Good luck in finding your new baby. Yes, a malt from a responsible breeder is going to cost that and more. Even BYBs and pet shops may even charge that. To me, a beautiful healthy puppy is worth it though. 


Sent from my iPhone using Petguide.com Free App


----------



## Snuggle's Mom (Jan 3, 2008)

Would you mind letting us know who the Breeder is that you are considering purchasing this Puppy?? And according to those who have purchased from reputable Show Breeders, that is not a lot of $$ for pay for a Maltese Puppy. I am sure that there will be more reposnses to your post though.


----------



## sherry (Jan 4, 2013)

Honestly, I can't divulge the name of the breeder. I don't have a problem with the price, but my husband does not want the underbite. The puppy was beautiful and priced down because of the underbite. We had a maltese with an underbite and that's all my husband can see.


----------



## SammieMom (Nov 13, 2010)

sherry said:


> I got pics of a beautiful 12 week old boy today. After speaking with the breeder found out he had an underbite. I was in love but my reasonable husband said no. The price was steep at $1750. What should I expect for this price range?


Sounds about right for a male from a _reputable show breeder._ Who is your breeder? Females cost more. 
There are show breeders on this forum with lots of knowledge. I would expect the breeder to be actively showing, and pedigree with finished champion parent/grandparent.

I would think undercut is not a reason not to buy from a good breeder, it is prob a common reason a rep show breeder would place a puppy.

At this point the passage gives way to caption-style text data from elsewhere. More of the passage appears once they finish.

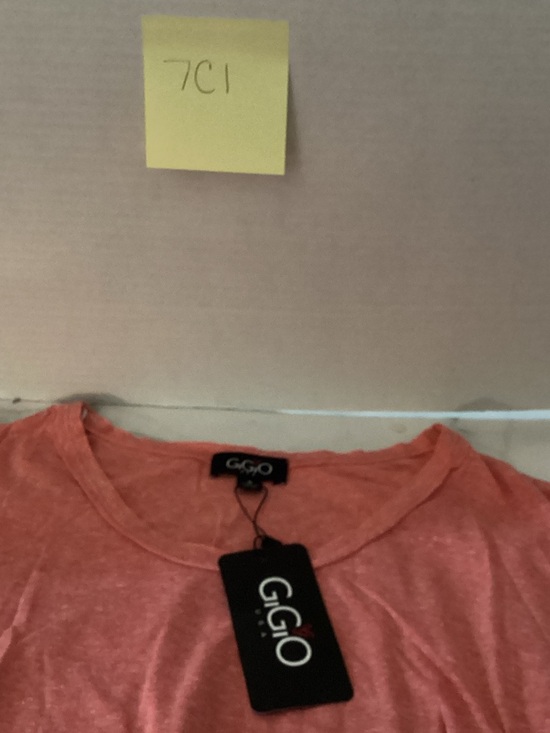 Gigio Tops - GiGiO Women's Coral Scoop Neck Tee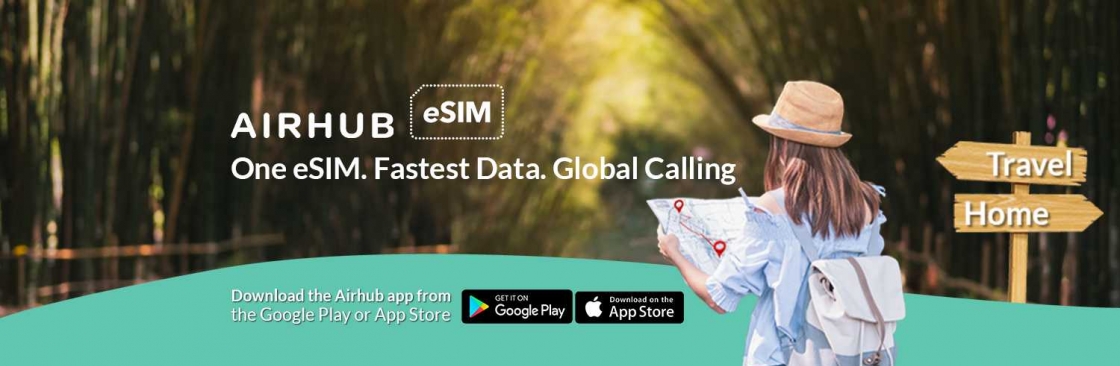 eSIM Card Buy AirhubApp Cover Image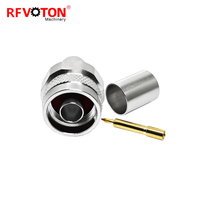 Konektor Crimp RF Coax Tipe Macho untuk Kabel Koaksial Seri LMR400 RG8 RG213 RG214 7D-FB 400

Like I said the show breeders here can better answer.

Good luck.


----------



## Leila'sMommy (Oct 20, 2012)

If the cost isn't the issue and your husband doesn't want him because of the underbite, I would keep looking then. I'm sure the right puppy is out there for both of you...you've just gotta keep looking. 


Sent from my iPhone using Petguide.com Free App


----------



## Ladysmom (Oct 19, 2004)

A slight underbite is a very common reason for show breeders to place young puppies as pets. The bite is usually one of the first "cuts" in determining if a puppy will be in the show ring or a pet home.

$1750 for 12 week old a pet male from a show breeder with champion parents is the normal price. Females with underbites would be close to $1000 more. 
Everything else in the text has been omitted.